▶ _Task requirements_: For this exercise, please reproduce the records below word for word, from the first line through the line with "200 Williamsburg Avenue".

(Items listed in a dataset)
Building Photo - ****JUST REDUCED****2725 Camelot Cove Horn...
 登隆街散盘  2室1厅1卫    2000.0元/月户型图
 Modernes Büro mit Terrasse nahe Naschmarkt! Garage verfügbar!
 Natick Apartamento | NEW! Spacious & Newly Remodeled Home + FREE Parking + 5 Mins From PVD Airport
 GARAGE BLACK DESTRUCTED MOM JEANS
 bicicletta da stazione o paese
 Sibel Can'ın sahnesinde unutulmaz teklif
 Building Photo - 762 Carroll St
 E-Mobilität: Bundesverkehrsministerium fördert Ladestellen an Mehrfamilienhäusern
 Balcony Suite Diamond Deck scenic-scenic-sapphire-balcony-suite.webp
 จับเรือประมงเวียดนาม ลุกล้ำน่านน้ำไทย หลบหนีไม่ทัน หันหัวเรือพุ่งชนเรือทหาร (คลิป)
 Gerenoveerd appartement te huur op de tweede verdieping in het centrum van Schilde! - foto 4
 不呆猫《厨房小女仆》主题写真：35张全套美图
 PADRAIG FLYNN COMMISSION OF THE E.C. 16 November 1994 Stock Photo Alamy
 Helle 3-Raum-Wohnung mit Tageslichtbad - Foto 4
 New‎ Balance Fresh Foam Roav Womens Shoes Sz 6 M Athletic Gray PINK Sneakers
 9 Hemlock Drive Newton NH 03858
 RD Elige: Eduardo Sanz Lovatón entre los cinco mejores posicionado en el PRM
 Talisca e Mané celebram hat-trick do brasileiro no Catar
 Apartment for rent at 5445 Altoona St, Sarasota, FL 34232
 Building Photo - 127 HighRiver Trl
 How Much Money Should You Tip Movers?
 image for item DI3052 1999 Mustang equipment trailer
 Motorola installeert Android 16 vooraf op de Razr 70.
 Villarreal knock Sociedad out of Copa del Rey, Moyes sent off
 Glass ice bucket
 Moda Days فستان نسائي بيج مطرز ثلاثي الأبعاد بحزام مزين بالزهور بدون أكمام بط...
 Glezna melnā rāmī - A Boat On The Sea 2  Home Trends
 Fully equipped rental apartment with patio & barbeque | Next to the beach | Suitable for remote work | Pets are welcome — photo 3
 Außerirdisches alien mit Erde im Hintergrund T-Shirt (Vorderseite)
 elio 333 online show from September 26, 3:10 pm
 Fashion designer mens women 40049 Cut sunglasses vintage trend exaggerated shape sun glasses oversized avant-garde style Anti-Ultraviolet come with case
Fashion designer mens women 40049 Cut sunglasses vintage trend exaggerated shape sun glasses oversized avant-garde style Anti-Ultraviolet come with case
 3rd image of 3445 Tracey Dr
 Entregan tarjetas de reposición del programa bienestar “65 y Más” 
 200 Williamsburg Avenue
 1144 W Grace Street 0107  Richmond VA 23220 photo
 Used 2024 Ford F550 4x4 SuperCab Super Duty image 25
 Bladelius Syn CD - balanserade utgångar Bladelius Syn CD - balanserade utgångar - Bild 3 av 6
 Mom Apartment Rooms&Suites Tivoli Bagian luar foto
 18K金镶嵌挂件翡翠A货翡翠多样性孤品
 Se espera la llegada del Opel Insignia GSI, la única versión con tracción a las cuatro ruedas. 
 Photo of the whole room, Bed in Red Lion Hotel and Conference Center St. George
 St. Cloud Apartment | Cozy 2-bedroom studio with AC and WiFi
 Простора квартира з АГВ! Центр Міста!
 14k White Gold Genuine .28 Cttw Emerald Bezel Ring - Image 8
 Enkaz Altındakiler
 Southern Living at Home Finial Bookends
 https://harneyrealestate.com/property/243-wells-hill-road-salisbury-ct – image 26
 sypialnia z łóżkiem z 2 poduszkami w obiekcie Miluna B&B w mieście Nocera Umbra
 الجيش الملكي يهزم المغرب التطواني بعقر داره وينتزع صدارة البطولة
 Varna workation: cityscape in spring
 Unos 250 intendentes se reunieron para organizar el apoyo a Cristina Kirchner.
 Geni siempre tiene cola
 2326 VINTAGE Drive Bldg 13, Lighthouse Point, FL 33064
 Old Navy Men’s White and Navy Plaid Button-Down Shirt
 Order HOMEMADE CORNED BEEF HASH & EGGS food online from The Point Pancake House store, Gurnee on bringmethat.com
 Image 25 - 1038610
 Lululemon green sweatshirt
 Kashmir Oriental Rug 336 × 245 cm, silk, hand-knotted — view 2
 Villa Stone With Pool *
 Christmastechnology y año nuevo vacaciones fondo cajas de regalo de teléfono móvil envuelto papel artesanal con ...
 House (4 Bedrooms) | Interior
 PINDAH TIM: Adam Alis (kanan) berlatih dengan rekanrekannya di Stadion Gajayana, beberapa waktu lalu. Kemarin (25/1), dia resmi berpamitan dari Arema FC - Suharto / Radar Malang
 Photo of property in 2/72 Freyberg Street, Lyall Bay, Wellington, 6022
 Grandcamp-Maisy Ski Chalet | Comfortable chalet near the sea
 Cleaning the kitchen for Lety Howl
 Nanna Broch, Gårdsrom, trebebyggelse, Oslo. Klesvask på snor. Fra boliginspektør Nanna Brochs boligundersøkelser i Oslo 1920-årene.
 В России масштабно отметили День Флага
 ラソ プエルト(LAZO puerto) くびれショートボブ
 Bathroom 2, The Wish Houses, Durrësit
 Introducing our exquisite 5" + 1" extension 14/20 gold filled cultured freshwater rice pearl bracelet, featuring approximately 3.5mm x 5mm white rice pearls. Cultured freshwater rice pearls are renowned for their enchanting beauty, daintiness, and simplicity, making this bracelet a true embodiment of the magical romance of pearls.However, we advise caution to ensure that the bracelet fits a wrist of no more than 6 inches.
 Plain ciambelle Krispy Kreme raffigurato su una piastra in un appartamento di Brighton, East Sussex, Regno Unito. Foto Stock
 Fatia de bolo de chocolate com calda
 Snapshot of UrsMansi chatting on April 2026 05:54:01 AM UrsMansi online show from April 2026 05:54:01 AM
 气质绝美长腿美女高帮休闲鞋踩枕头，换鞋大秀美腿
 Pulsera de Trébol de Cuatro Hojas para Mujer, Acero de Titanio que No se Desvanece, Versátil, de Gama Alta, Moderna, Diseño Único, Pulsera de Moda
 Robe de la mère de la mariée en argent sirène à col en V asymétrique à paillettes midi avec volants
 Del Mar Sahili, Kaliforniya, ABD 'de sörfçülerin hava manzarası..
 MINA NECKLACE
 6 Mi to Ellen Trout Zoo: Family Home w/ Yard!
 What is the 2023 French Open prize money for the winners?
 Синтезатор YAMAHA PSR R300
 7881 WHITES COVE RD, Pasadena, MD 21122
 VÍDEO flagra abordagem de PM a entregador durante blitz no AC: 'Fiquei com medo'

▶ _Exercise output_:
Building Photo - ****JUST REDUCED****2725 Camelot Cove Horn...
 登隆街散盘  2室1厅1卫    2000.0元/月户型图
 Modernes Büro mit Terrasse nahe Naschmarkt! Garage verfügbar!
 Natick Apartamento | NEW! Spacious & Newly Remodeled Home + FREE Parking + 5 Mins From PVD Airport
 GARAGE BLACK DESTRUCTED MOM JEANS
 bicicletta da stazione o paese
 Sibel Can'ın sahnesinde unutulmaz teklif
 Building Photo - 762 Carroll St
 E-Mobilität: Bundesverkehrsministerium fördert Ladestellen an Mehrfamilienhäusern
 Balcony Suite Diamond Deck scenic-scenic-sapphire-balcony-suite.webp
 จับเรือประมงเวียดนาม ลุกล้ำน่านน้ำไทย หลบหนีไม่ทัน หันหัวเรือพุ่งชนเรือทหาร (คลิป)
 Gerenoveerd appartement te huur op de tweede verdieping in het centrum van Schilde! - foto 4
 不呆猫《厨房小女仆》主题写真：35张全套美图
 PADRAIG FLYNN COMMISSION OF THE E.C. 16 November 1994 Stock Photo Alamy
 Helle 3-Raum-Wohnung mit Tageslichtbad - Foto 4
 New‎ Balance Fresh Foam Roav Womens Shoes Sz 6 M Athletic Gray PINK Sneakers
 9 Hemlock Drive Newton NH 03858
 RD Elige: Eduardo Sanz Lovatón entre los cinco mejores posicionado en el PRM
 Talisca e Mané celebram hat-trick do brasileiro no Catar
 Apartment for rent at 5445 Altoona St, Sarasota, FL 34232
 Building Photo - 127 HighRiver Trl
 How Much Money Should You Tip Movers?
 image for item DI3052 1999 Mustang equipment trailer
 Motorola installeert Android 16 vooraf op de Razr 70.
 Villarreal knock Sociedad out of Copa del Rey, Moyes sent off
 Glass ice bucket
 Moda Days فستان نسائي بيج مطرز ثلاثي الأبعاد بحزام مزين بالزهور بدون أكمام بط...
 Glezna melnā rāmī - A Boat On The Sea 2  Home Trends
 Fully equipped rental apartment with patio & barbeque | Next to the beach | Suitable for remote work | Pets are welcome — photo 3
 Außerirdisches alien mit Erde im Hintergrund T-Shirt (Vorderseite)
 elio 333 online show from September 26, 3:10 pm
 Fashion designer mens women 40049 Cut sunglasses vintage trend exaggerated shape sun glasses oversized avant-garde style Anti-Ultraviolet come with case
Fashion designer mens women 40049 Cut sunglasses vintage trend exaggerated shape sun glasses oversized avant-garde style Anti-Ultraviolet come with case
 3rd image of 3445 Tracey Dr
 Entregan tarjetas de reposición del programa bienestar “65 y Más” 
 200 Williamsburg Avenue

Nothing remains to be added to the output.